What is the one thing everyone should learn about science? Spiked asked 250 scientists—here we bring you some of the most provocative responses
Matt Ridley Founding chair of the International Centre for Life
Science is not a catalogue of facts, but a search for new mysteries. Science increases the store of wonder and mystery in the world; it does not erode it. The myth that science gets rid of mysteries, started by the Romantic poets, was well nailed by Albert Einstein—whose thought experiments about relativity are far more otherworldly, elusive, thrilling, and baffling than anything dreamt up by poets.
Isaac Newton showed us the mysteries of deep space, Charles Darwin showed us the mysteries of deep time, and Francis Crick and James D Watson showed us the mysteries of deep encoding. To get rid of those insights would be to reduce the world’s stock of awe.
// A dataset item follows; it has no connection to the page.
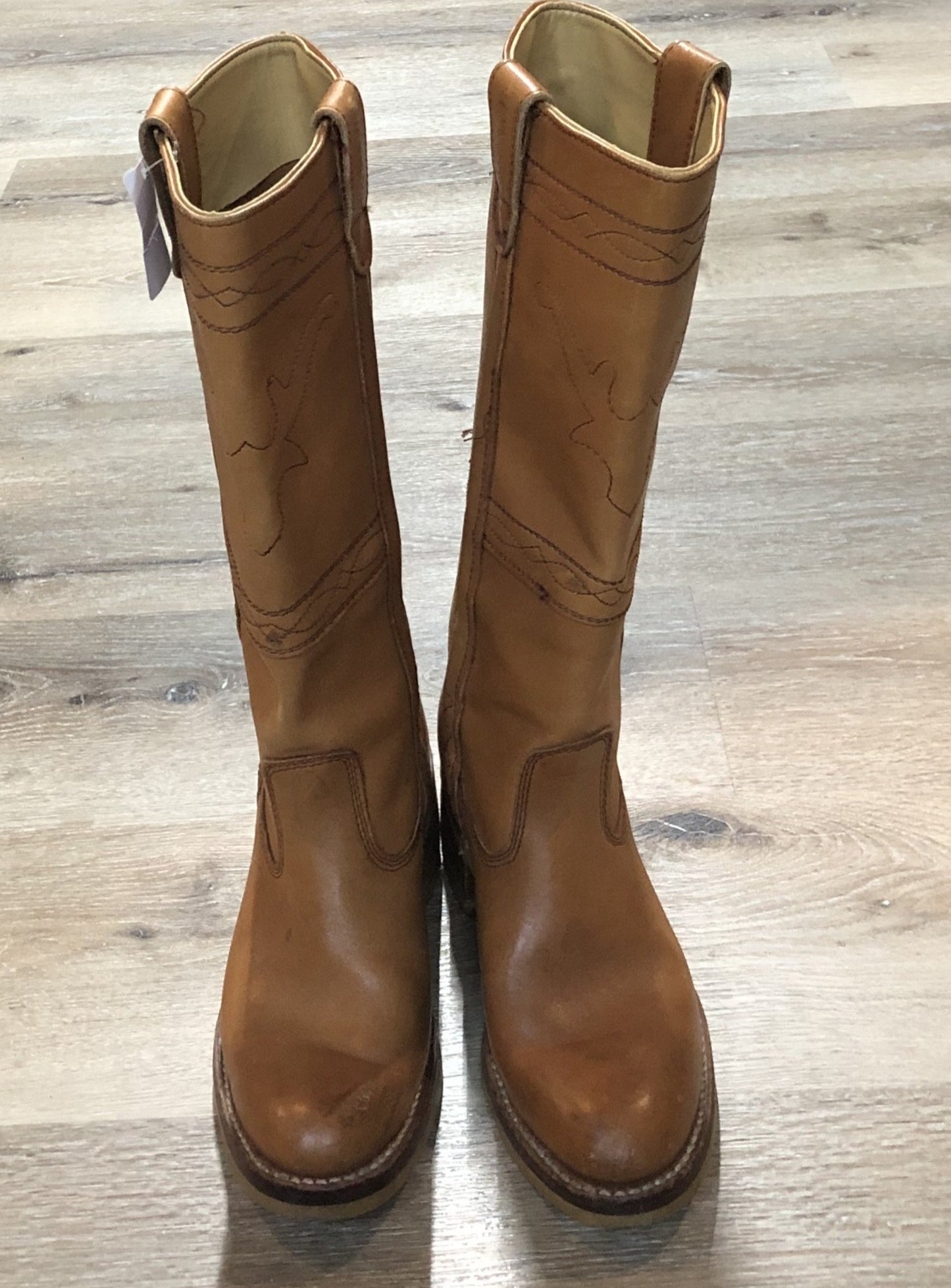 Kingspier Vintage - Sparx tall pull on leather boot in tan with decorative deer shape stitching, suede lining and a leather sole.
Size women’s 6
Roderich Tumulka Researcher in physics at the Mathematics Institute at the University of Tübingen
Paranormal phenomena do not exist. Magic, witchcraft, mind-reading, clairvoyance, faith healing and similar practices do not work and never have worked. It makes a crucial difference whether we imagine ourselves surrounded by supernatural beings and happenings or whether instead we see ourselves in a world that science can help us understand. Many scientific principles, concepts, or discoveries need not, despite their importance, be understood by the public, but just by the experts. The question of the paranormal is different in this respect.